■ TASK GOAL
From the data that follows, set down exactly the lines from the one with "Hello, dear viewers." through the one with "After starting the", counting both. Pictures stay out.

■ SOURCE DATA
----

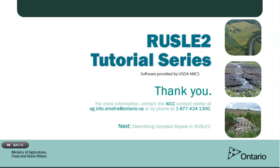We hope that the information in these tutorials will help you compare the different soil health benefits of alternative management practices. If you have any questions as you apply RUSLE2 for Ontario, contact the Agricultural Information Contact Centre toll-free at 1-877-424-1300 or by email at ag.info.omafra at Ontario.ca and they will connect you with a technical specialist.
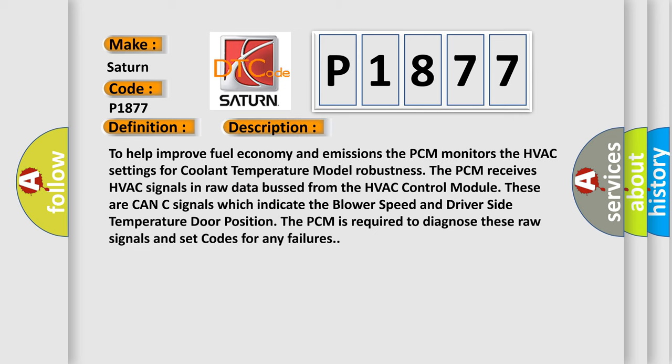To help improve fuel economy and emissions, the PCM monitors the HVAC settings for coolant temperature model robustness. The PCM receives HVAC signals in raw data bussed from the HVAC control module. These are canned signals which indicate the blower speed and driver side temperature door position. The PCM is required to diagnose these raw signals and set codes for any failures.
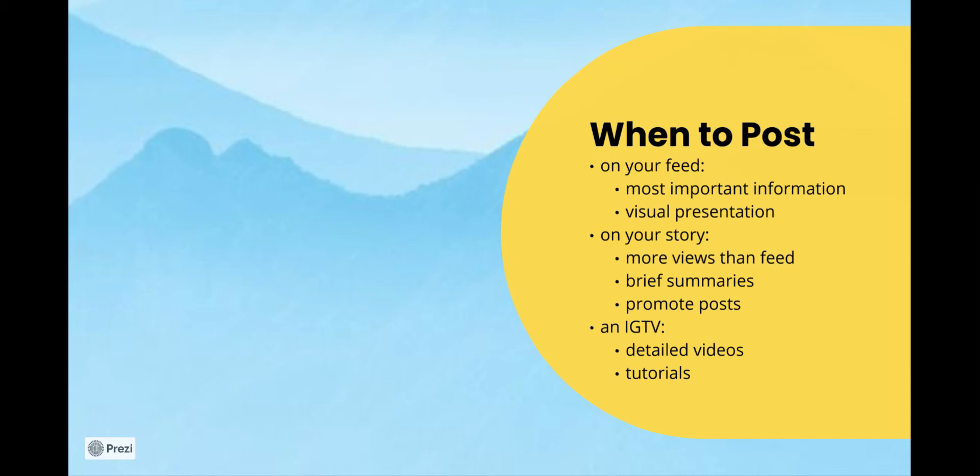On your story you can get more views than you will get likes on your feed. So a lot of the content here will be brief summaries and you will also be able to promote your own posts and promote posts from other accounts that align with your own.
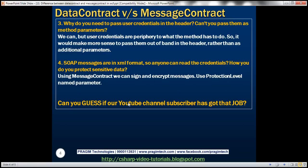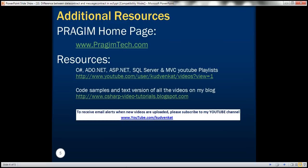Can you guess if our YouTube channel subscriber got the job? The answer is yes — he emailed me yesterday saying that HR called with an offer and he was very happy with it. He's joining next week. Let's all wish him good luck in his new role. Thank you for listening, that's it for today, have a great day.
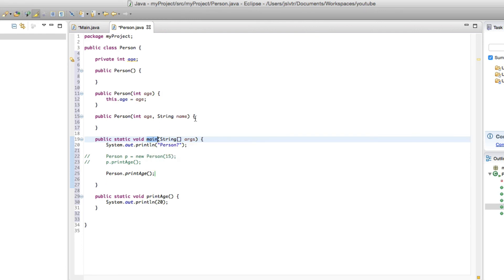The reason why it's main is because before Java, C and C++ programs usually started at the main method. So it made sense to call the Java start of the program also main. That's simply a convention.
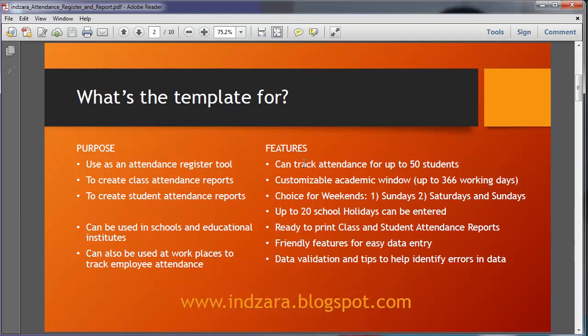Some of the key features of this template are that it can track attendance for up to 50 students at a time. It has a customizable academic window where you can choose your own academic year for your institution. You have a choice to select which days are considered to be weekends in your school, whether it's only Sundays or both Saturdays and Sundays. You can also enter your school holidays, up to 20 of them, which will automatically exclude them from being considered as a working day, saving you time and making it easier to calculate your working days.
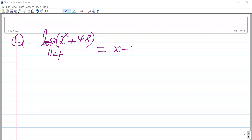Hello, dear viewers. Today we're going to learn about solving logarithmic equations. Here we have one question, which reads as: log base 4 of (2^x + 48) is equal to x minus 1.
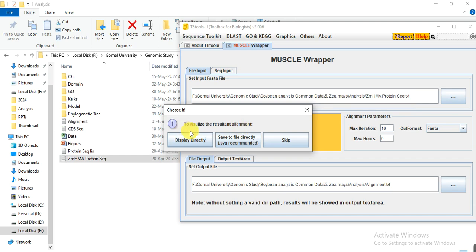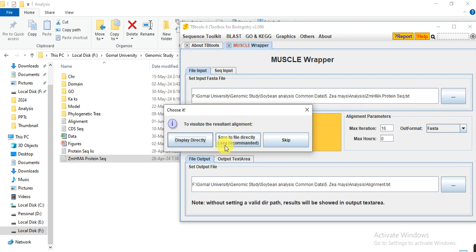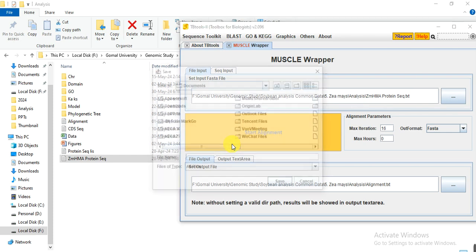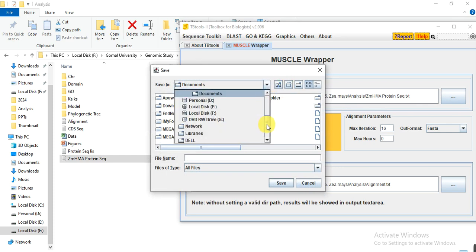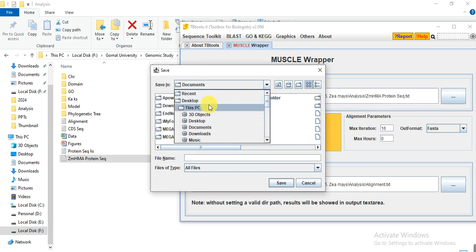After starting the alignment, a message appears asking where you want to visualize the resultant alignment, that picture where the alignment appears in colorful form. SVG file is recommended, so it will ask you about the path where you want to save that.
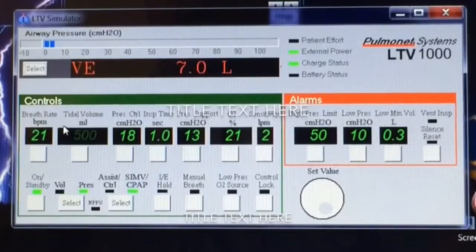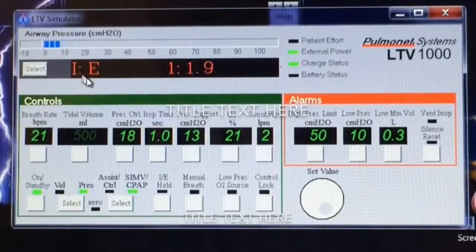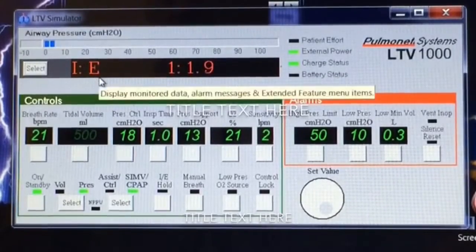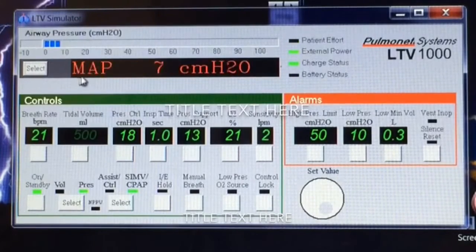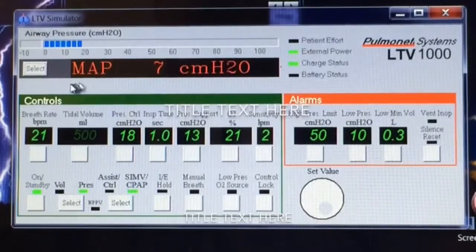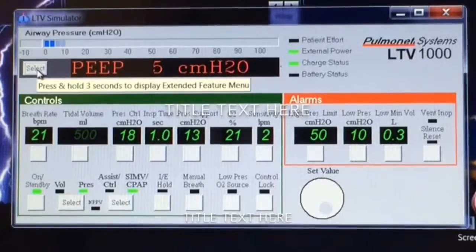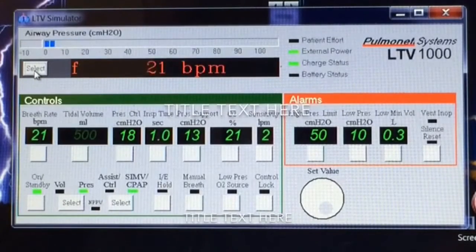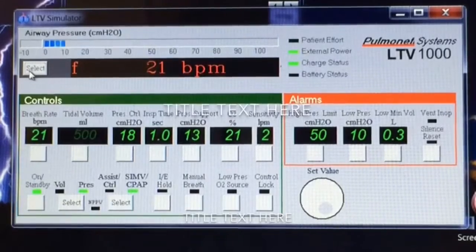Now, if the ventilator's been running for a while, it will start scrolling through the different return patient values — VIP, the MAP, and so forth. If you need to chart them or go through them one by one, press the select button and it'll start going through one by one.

----

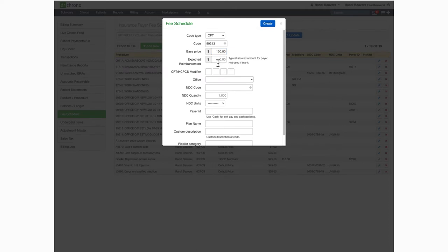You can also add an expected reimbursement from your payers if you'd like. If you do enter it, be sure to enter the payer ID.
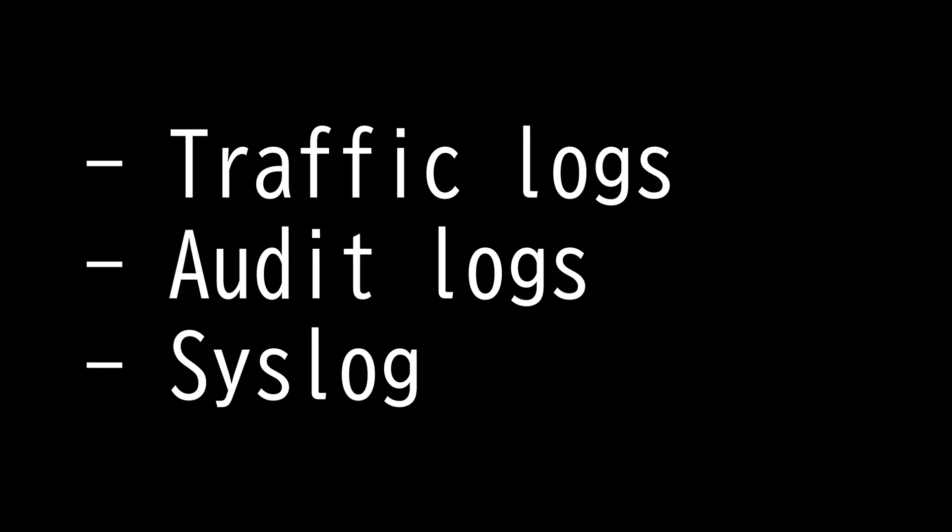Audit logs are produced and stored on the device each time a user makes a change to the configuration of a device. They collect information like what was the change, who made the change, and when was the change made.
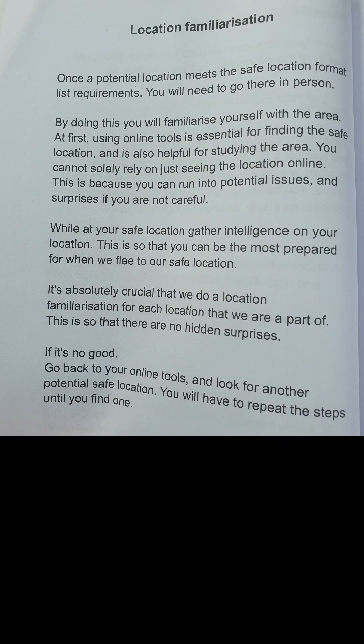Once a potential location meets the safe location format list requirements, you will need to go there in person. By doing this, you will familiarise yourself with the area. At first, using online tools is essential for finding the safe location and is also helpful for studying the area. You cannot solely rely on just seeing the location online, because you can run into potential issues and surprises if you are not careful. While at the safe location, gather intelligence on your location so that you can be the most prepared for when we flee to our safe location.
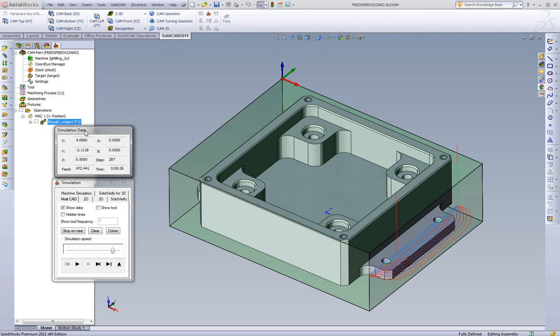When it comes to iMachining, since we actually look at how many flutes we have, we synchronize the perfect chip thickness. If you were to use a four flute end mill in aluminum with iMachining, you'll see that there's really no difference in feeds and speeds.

----

■ ANSWER SECTION
Hello, dear viewers. Today we're going to learn about solving logarithmic equations. Here we have one question, which reads as: log base 4 of (2^x + 48) is equal to x minus 1.
After starting the alignment, a message appears asking where you want to visualize the resultant alignment, that picture where the alignment appears in colorful form. SVG file is recommended, so it will ask you about the path where you want to save that.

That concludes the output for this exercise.